Logical Drive - A logical drive is created within an extended partition. Look at the color coded key at the bottom of Fig. 01 and you'll see that Logical drives are denoted by the lighter, bright blue color.

  • An "unlimited" number of logical drives may be created in an extended partition, formatted and assigned drive letters. Unlimited is another misleading term used in conjunction with logical drives. The reality is you're limited by the number of available drive letters and the amount of hard drive space available for creating drives. In Fig. 01, Disk 1  has two logical drives, F and G,  identified by the bright blue color and contained within the extended partition. More Logical drives could be created in the Free Space until you either ran out of drive letters or the Free Space was exhausted.
  • Disk 1 and 2 also contain Unallocated space that isn't assigned to either a primary or extended partition. I'll deal with unallocated space later in the article.
System and Boot Partitions

This seems like as good a time as any for a brief discussion of System and Boot partitions. In almost every case where I've attempted to explain the difference between System and Boot partitions people have walked away shaking their heads because it just doesn't make any sense, but I'll give it another try. Here we go;

  • Whenever a computer system is started, either from a cold boot using the power switch or a warm boot such as restarting the system from within Windows, there are certain files needed to boot (start) the computer. These boot files reside on the System partition.
  • Once the boot files have been accessed and performed their function, the system files (the files that comprise the XP operating system) are accessed to complete the system start. The system files reside on the Boot partition.

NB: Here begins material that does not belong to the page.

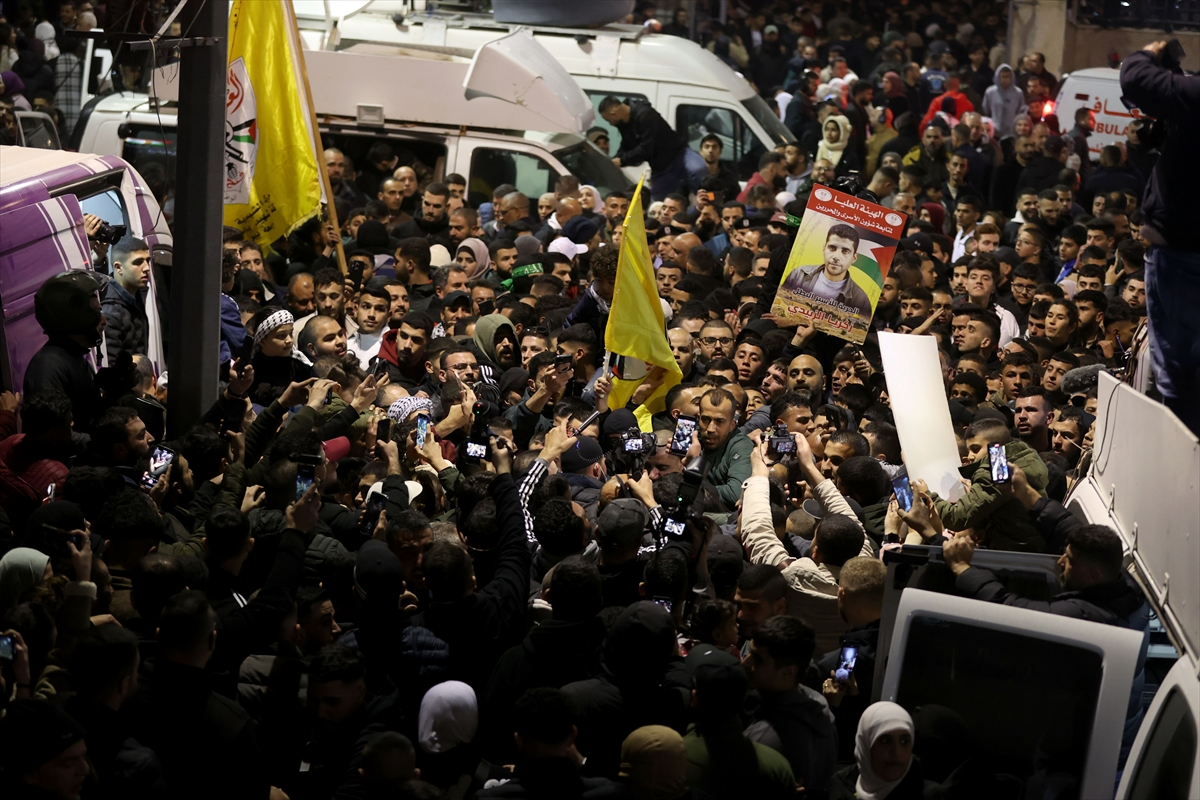 Hamas ile İsrail arasındaki esir takasının 3. turu tamamlandı: 110 Filistinli esir artık özgür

If you just accept these two statements are true then everything will be fine. I know it makes no sense and seems to defy logic, but it's true.

The boot files reside on the System partition     ---   The system files reside on the Boot partition


Fig. 02

Look at Fig. 02 and you'll see C: is designated as the System partition. There is no designated Boot partition. In most cases this is the standard setup and there won't be a separate Boot partition designated.

Look at Fig. 03 and you'll see C: is designated as the System partition and I: is designated as the Boot partition. The boot files are located on partition C: and the system files (the XP operating system) are installed on the I partition.

Both screen captures are of the identical system so why does one have the Boot partition uniquely identified? The answer is because there are two operating systems installed on the same machine, or what is often called a dual boot setup. Windows XP is installed on drive C: and Windows XP is also installed on drive I:. When the system is set to boot from the operating system installed on partition C: the system and boot files reside in the same partition so there is no need for a separate Boot partition designation. When the system is set to boot from the operating system installed on partition I: the system and boot files reside on different partitions so partition I is designated as the Boot partition.


Fig. 03

There is one more term that you may occasionally run across and that's Active partition. Any primary partition that has an operating system installed on it may be designated as the Active partition simply for the sake of convenience in making it the System partition. Active partition and System partition mean the same thing.